The Hermit really hits its stride with the three-song run at the heart of the record beginning with “TV Dinner,” a cold, wintry waltz blanketed in strings and horns whose beauty contrasts the loneliness underlying the lyrics, with Periera singing “from trying to breathe / and waking up before alarms with sweaty palms / tied to a dream / of places I have been before, but can’t recall / feverishly / accept the past, your future is an atom bomb / strapped to your feet,” leading into the final chorus. The title track—a bouncy rag with some ripping, exuberant saxophone from Will Schade (who also played on Slaughter Beach, Dog’s killer At The Moonbase)—carries on this theme of loneliness with lines like “I don’t recognize the world outside / please don’t make me leave the house” and the apocalyptic chorus of “Noah, get the boat and follow me / the coming flood’s not water this time / god send gasoline / set fire to everything you see / Noah, get the boat and follow me.”

The three-song run caps off with “Hollywood Forever Cemetery,” maybe the record’s best song, with a manic piano and pulsating bassline joined by creepy UFO synths and more trumpet that sneaks in as Periera sings “they shut down the crematory / after they burned Mama Cass / all the bricks were cracked and crumbling / as they fell into the ash / and the owners could’ve fixed it / but they took off with all the cash / I’d do the same thing.” The verses build off the repetition of the title at the opening, and the final pass through includes some of the strongest lyrics on the record, with “Hollywood Forever Cemetery / couldn’t tell you why but I feel weary / maybe it’s this endless search for meaning / that I didn’t ask to join / sign away your soul for a bit of money / spend it all on drugs to be less lonely / big expensive house / but you still feel empty / as you try and fill the void” feeling like the perfect distillation of the album as a whole. 

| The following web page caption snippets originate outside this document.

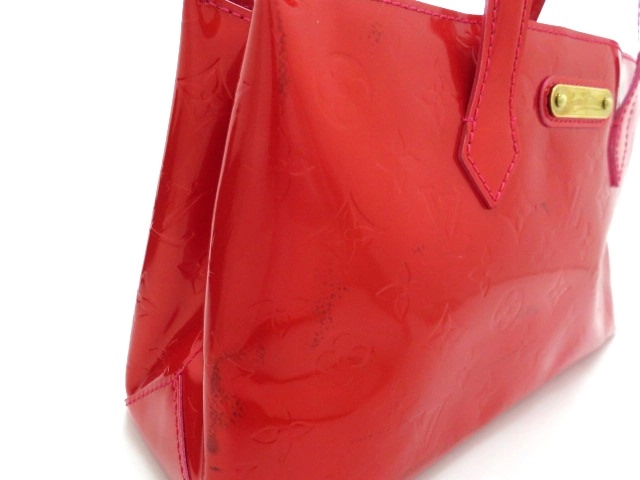 LOUIS VUITTON ルイヴィトン ハンドバッグ ウィルシャーPM ローズポップ ヴェルニ M93643【473】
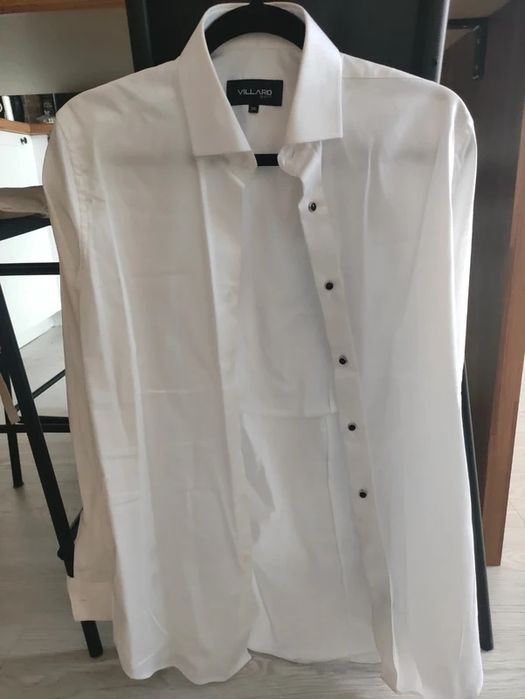 Costum nunta Marecom alb complet cu sacou, vesta, pantaloni,camasa, papion si butoni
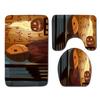 Halloween Shower Curtain Floor Mat Combination Four-Piece Set Kitchen Absorbent Non-Slip Carpet Bedroom Door Mat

Things ease up after “Hollywood Forever Cemetery,” but instead of simply dropping a quiet, contemplative track of just himself at the piano at this point in the record, Periera opts to duet with himself for a demented waltz that feels like a perversion of the pretty “TV Dinner,” taking the form of the song and warping it into a ceaseless inner-dialogue, with lines like “don’t answer the telephone / watch TV and drink alone” and “cover me in pixie dust / man, I need a pick-me-up / hit of weed or hair of dog / anything but sober thoughts” before finally ending on the repetition of “I hope no one remembers me.” Lyrically, the song matches any other high point on The Hermit while it musically it naturally takes us into “Crystal,” which echoes “Nightly Garbage Run” in its grandiosity, bringing everything back to the start and connecting the two songs bookending the record.

Along with centerpiece “TV Dinner,” those two bookends are the longest tracks—and the only tunes to push past three minutes—on The Hermit, which speaks to the brilliance of the record: it’s only about twenty-five minutes but you feel like you got forty minutes of music out of it.

The Hermit is out today on Refresh Records.